Re: [PATCH] Erase the distinctClause if the result is unique by definition

From: David Rowley <dgrowleyml(at)gmail(dot)com>
To: Andy Fan <zhihui(dot)fan1213(at)gmail(dot)com>
Cc: Ashutosh Bapat <ashutosh(dot)bapat(dot)oss(at)gmail(dot)com>, Tom Lane <tgl(at)sss(dot)pgh(dot)pa(dot)us>, Julien Rouhaud <rjuju123(at)gmail(dot)com>, PostgreSQL Hackers <pgsql-hackers(at)lists(dot)postgresql(dot)org>
Subject: Re: [PATCH] Erase the distinctClause if the result is unique by definition
Date: 2020-03-18 01:56:08
Message-ID: CAApHDvrNqgOgrLfhApdUH5P9fnwOuO35CPwNG7=ybH5EMBugaA@mail.gmail.com
Views: Raw Message | Whole Thread | Download mbox | Resend email
Thread:
Lists: pgsql-hackers

On Mon, 16 Mar 2020 at 06:01, Andy Fan <zhihui(dot)fan1213(at)gmail(dot)com> wrote:
>
> Hi All:
>
> I have re-implemented the patch based on David's suggestion/code, Looks it
> works well. The updated patch mainly includes:
>
> 1. Maintain the not_null_colno in RelOptInfo, which includes the not null from
> catalog and the not null from vars.

What about non-nullability that we can derive from means other than
NOT NULL constraints. Where will you track that now that you've
removed the UniqueKeySet type?

Traditionally we use attno or attnum rather than colno for variable
names containing attribute numbers

> 3. postpone the propagate_unique_keys_to_joinrel call to populate_joinrel_with_paths
> since we know jointype at that time. so we can handle the semi/anti join specially.

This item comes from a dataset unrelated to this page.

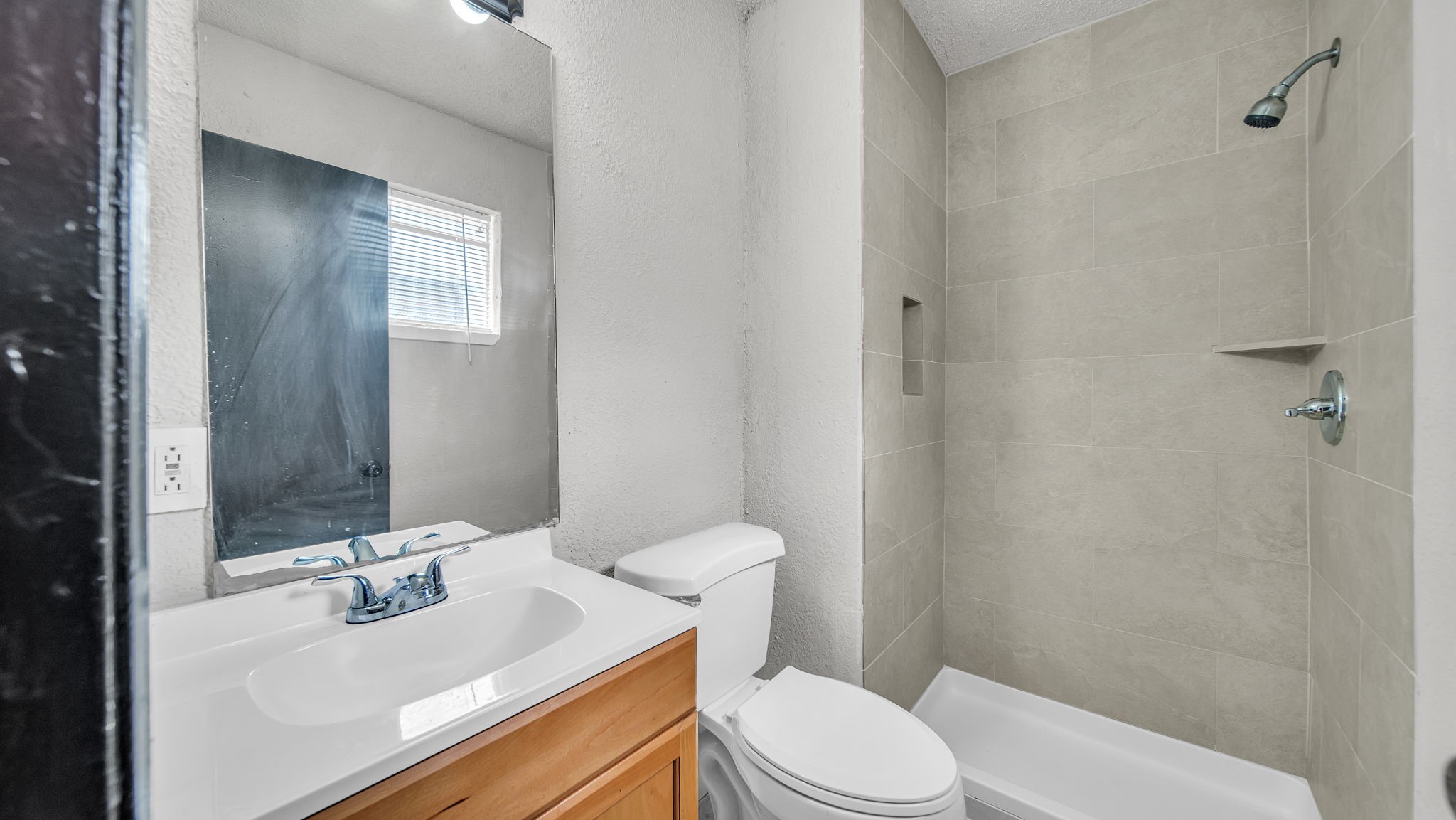 10902 Jutland Road Houston, TX 77048 - Photo 6 of 20 a bathroom with a sink a toilet and shower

ok, but the join type was known already where I was calling the
function from. It just wasn't passed to the function.

> 4. Add the rule I suggested above, if both of the 2 relation yields the a unique result,
> the join result will be unique as well. the UK can be ( (rel1_uk1, rel1_uk2).. )

I see. So basically you're saying that the joinrel's uniquekeys should
be the cartesian product of the unique rels from either side of the
join. I wonder if that's a special case we need to worry about too
much. Surely it only applies for clauseless joins.

> 5. If the unique key is impossible to be referenced by others, we can safely ignore
> it in order to keep the (join)rel->unqiuekeys short.

You could probably have an equivalent of has_useful_pathkeys() and
pathkeys_useful_for_ordering()

> 6. I only consider the not null check/opfamily check for the uniquekey which comes
> from UniqueIndex. I think that should be correct.
> 7. I defined each uniquekey as List of Expr, so I didn't introduce new node type.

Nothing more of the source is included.